The premier added that all the industries that are allowed to reopen will have to follow the SOPs.
He warned that if people failed to follow the guidelines and SOPs, resulting in spike in cases and deaths, the government will be forced to enforce the lockdown again.
Prime Minister Imran also stated that public transport will remain shut over provinces' reservations, even if he personally believed otherwise.
"I believe public transport should be reopened because it is the common man's mode of transport but the provinces have reservations. And I have said from day one that we do not want to take decisions unless there is unanimity," Khan said.
The prime minister also acknowledged the recent spike in new coronavirus cases and deaths in the country. Citing the second "deadlier" outbreak of the 1918 Spanish Flu, he admitted that a second wave of new infections was a realistic possibility once the lockdown measures are lifted. But the prime minister said that "no one can say or predict for certain what will happen", adding that decisions have to be made to stop the suffering of people.
Federal Education Minister Shafqat Mehmood, meanwhile, announced that all schools, universities and other educational institutions will remain closed till July 15.
He said that all board exams have been cancelled. "We will pass or fail students based on their results from the previous year," he announced.
"Students' health and their education cannot be compromised," he added.
The government had earlier announced that all education institutions will remain closed until May 31.
Prime Minister's focal person on Covid-19, Dr Faisal Sultan, said that the the trajectory of the spread of virus was different for each country.
"In the US, it spread like wildfire, where more Americans have now died from this virus than in Vietnam War," he said, adding that Pakistan will have to consider its own context for decision-making purposes.
Like the prime minister, Dr Sultan also acknowledged the sharp spike in new coronavirus cases in the country but reasoned that this was because "we are testing more and more people everyday".

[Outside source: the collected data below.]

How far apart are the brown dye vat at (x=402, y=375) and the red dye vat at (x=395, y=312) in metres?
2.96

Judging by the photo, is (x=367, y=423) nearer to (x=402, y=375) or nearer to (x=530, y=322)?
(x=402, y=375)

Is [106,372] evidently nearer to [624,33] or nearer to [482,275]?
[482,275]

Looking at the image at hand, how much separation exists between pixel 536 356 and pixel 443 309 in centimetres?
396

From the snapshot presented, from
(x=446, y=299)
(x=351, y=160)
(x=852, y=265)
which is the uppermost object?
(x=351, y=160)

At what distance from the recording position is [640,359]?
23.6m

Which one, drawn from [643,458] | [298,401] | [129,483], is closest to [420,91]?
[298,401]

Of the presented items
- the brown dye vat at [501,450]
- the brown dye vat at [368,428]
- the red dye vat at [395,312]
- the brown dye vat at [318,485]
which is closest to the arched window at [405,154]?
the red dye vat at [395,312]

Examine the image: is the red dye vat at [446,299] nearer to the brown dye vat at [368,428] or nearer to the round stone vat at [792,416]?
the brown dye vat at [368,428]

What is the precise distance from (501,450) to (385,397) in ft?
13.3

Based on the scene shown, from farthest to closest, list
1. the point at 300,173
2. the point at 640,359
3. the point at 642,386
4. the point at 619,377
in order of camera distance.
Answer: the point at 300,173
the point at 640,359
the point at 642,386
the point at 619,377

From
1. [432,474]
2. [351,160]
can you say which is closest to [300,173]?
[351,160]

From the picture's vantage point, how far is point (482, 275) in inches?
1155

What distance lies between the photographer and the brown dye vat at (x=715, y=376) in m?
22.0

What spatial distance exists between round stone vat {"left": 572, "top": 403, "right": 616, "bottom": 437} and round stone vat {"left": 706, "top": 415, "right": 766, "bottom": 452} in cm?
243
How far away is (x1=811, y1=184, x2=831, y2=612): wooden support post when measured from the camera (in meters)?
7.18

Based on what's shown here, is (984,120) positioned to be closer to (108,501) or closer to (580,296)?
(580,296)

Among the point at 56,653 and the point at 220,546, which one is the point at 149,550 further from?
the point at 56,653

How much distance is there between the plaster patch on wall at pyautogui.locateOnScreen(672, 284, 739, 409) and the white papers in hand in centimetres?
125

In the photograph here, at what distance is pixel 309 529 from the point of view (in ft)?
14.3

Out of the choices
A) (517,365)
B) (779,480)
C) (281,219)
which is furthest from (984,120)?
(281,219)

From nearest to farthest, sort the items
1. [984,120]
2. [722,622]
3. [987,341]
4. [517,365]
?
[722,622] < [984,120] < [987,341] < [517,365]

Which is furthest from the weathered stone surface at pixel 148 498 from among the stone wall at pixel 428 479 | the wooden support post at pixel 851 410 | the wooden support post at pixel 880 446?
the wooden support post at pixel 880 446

He said that while some hospitals across the country were now running at full capacity, the healthcare system luckily did not collapse as was feared at the start of the outbreak.
Special Assistant to the Prime Minister on National Security Dr Moeed Yusuf clarified that not all of the stranded Pakistanis being flown back to the country are testing positive for the coronavirus.

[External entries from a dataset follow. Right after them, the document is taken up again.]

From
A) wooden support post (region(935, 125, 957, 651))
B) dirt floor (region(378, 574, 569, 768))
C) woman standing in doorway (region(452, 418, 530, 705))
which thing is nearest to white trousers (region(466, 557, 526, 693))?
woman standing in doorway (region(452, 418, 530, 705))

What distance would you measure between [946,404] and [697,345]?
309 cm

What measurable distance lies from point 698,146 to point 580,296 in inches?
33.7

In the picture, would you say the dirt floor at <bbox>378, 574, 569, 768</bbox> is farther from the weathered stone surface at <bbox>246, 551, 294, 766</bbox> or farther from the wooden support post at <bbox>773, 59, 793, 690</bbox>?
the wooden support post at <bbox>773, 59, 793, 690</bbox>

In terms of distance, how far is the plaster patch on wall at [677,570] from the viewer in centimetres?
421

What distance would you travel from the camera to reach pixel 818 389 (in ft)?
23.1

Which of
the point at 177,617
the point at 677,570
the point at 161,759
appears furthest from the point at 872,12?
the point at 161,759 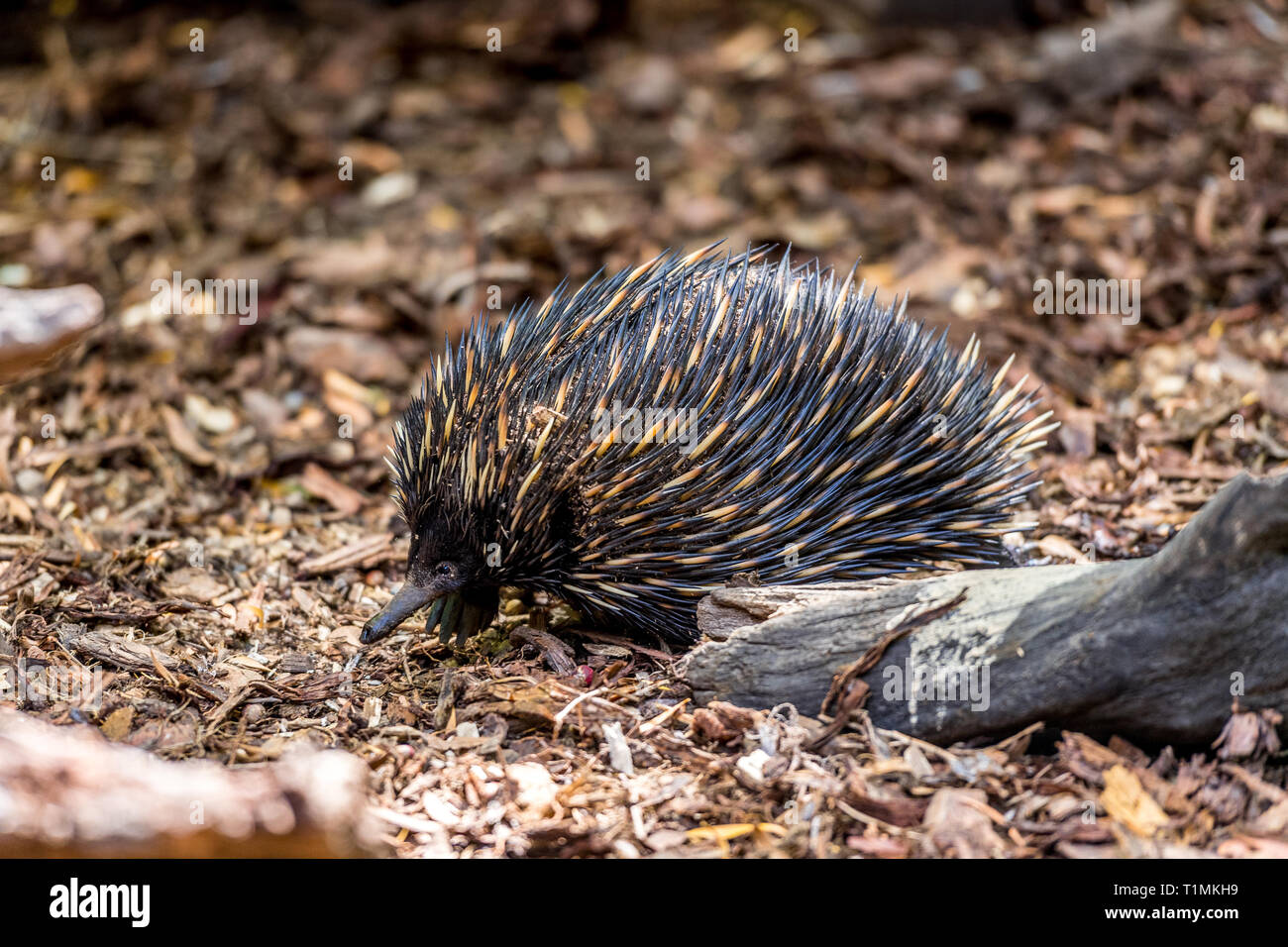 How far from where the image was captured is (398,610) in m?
3.79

"This is a misconception. Please do not stigmatise those returning to the country," he requested.
He added that the government is in the process of talking to those countries from where 40 to 50 per cent of the returning passengers had tested positive.
Yusuf also stated that the country's air flights to repatriate stranded Pakistan will continue, as per the prime minister's directions, adding that it was not possible for the government to bring back all 120,000 registered at once.
"We can't bring back all at once because we would need to test every Pakistani coming back. We are considering [prime minister's] self-quarantine policy and if provinces agree, then we will be able to bring 13 to 14,000 people per week," Yusuf concluded.